YOUR INSTRUCTIONS:
Word for word, restate the listing that follows and leave out the images.

EXERCISE DATA:
....

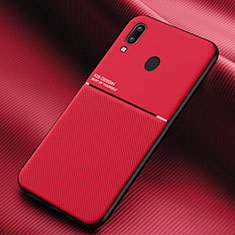 Silikon Hülle Handyhülle Ultra Dünn Schutzhülle Tasche Flexible mit Magnetisch für Samsung Galaxy A20 Rot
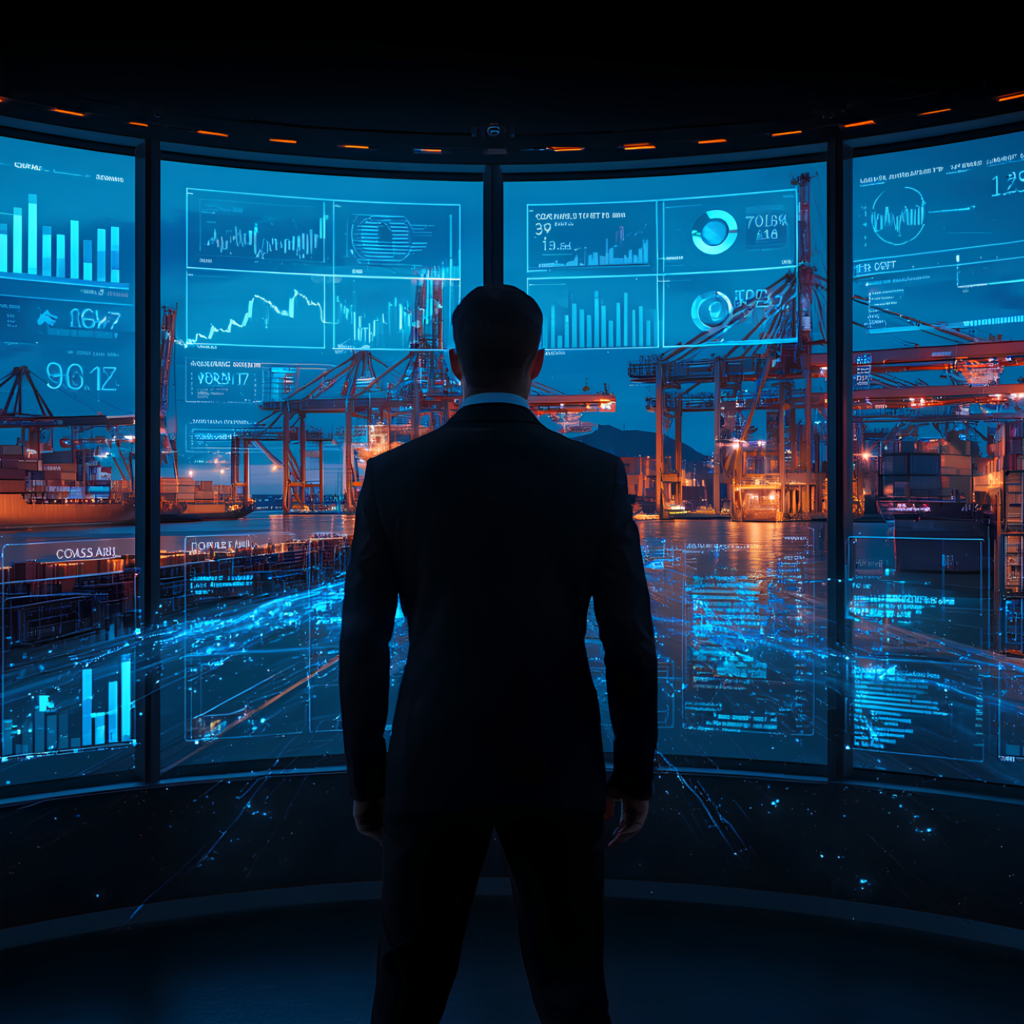 Digital dashboard displaying real-time logistics analytics with glowing data charts, connected to a shipping port with cargo containers and cranes, representing AI-powered data insights for supply chain operations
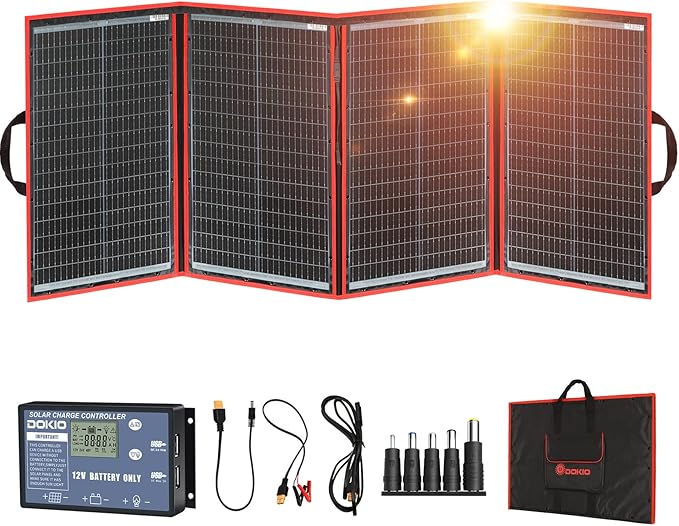 DOKIO 200W Portable Foldable Solar Panel Kit, Compact 21x36in Design 11.7lb with Separate Controller and Dual USB, Monocrystalline Charger for 12V Batteries & Power Stations, RV Camping Emergency Use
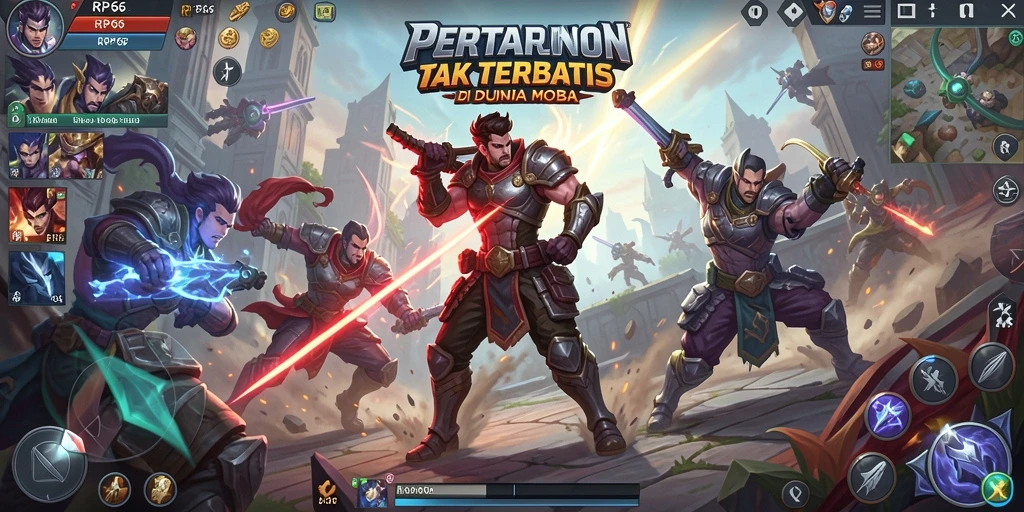 Tangkapan layar utama RP66 menunjukkan pertempuran mendebarkan di arena MOBA.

....

SOLUTION TO THE PROBLEM:
 Silikon Hülle Handyhülle Ultra Dünn Schutzhülle Tasche Flexible mit Magnetisch für Samsung Galaxy A20 Rot
 Digital dashboard displaying real-time logistics analytics with glowing data charts, connected to a shipping port with cargo containers and cranes, representing AI-powered data insights for supply chain operations
 DOKIO 200W Portable Foldable Solar Panel Kit, Compact 21x36in Design 11.7lb with Separate Controller and Dual USB, Monocrystalline Charger for 12V Batteries & Power Stations, RV Camping Emergency Use
 Tangkapan layar utama RP66 menunjukkan pertempuran mendebarkan di arena MOBA.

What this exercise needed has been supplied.